Unfortunately, the lead actors are truly the stone that sinks this movie, by being such predictably poor casting choices. I even like the actors, Hugo Weaving and Natalie Portman, but they just don't have nearly the right presence. Casting Natalie Portman as Evey Hammond is obviously the Hollywood's need for everybody to be young and photogenic, but for Portman it comes out as wilting and fragile, and so exceedingly pliable and vulnerable, that she can't sell the transformation to fearless rebel. She really can't hold the screen with much better actors around her, and this kills a lot of scenes, having no real interaction between her character and others. It's still hard to even take her seriously as an adult, which worked exceedingly well for Closer where everybody pushes her around and talks down to her level, and was great when she was at her acting peak around age 12-13, but falls pretty far short here. Her English accent seems like a transparent affection, and in addition to being distracting, makes her again seem like the American kids who go to Oxford and try to assume a new identity, which again makes her seem like an adolescent. The other contenders for the role, Bryce Dallas Howard and Scarlett Johansson, I feel might have brought some more adult qualities to the role.
Hugo Weaving's breathless, otherworldly speaking voice may have contributed to the fact that he's best known for playing an elf and a computer program, but here it makes it hard to see that under the mask and the grandiose symbolism, V is just a pained, twisted man. This adds a lot when it does occasionally manage to poke through, so it would have been nice to see more of it. As it is, with nothing visible underneath in Weaving's performance, V comes across as a ridiculous shell, most clearly in the scene where V destroys the Old Bailey, and is standing on a rooftop with Evey reveling in the destruction. With his impassive Guy Fawkes mask, and just the black gloved hands sticking out of his flowing black cloak, and a low wall in front of him, he looked like a reject from that castle Trolley used to visit on Mr. Rogers, with the little puppets of King Friday and Prince Tuesday. It was incredibly hard to take him seriously after that, especially when he's making eggs and toast while wearing a grinning mask. If the original actor cast for the role, James Purefoy, had stuck through the film, I feel like he would have given a much better impression of a man under the mask, which is what the film needs to make V real and not ridiculous.

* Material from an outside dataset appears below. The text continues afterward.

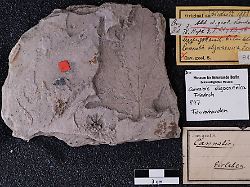 csm c. oligocaenica 1 237e830aa0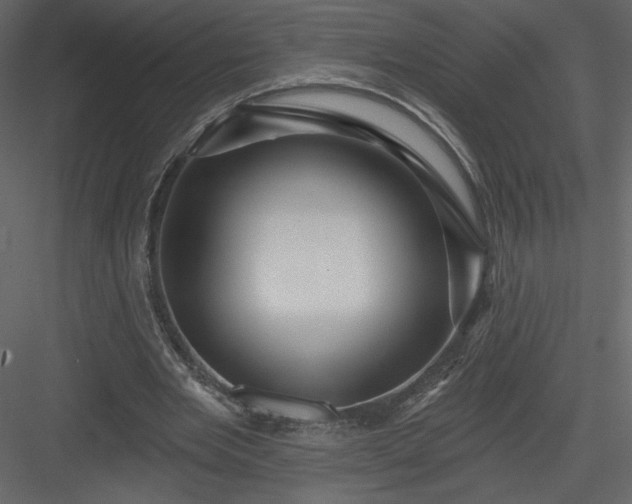 X0000084020485200702232236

The film also makes great use of music, but again, Hollywood needs a dramatic score with violins playing to let them know what emotion to feel, and this is distractingly bland and cliche. Dario Marinelli's score really can't stand next to the songs that close the film, Tchaikovsky's 1812 Overture and the Stones' Street Fighting Man, both of which are what the movie really called for. I also can't go without mentioning Dynamite Ham's "BKAB" featuring Malcom X and Gloria Steinem that apparently kept a lot of people glued to their seats during the closing credits. But it's classical music, political techno, and a song from two generations back, all of which I can see making nervous suits say "You didn't even give them a good bang at the end so they'd know
when to clap!"
This is also interesting in that it's the third Stephen Rea film I've seen, and like Colin Firth is always playing Mr. Darcy, he always seems to be channeling the spirit of Ned Broy. In "Michael Collins" he plays Ned Broy, an Irish policeman who becomes an informant for the Republicans after starting to listen to Collins, in "The Crying Game" he's an IRA volunteer who quits after conversing with a British soldier, and in "V for Vendetta" he's again a policeman who starts to question the regime after listening to V. He's also a Belfast Protestant who had three children with an IRA bomber who was part of the Dirty Protest and hunger strikes. Kind of interesting to find a Presbyterian from Belfast who keeps playing revolutionaries.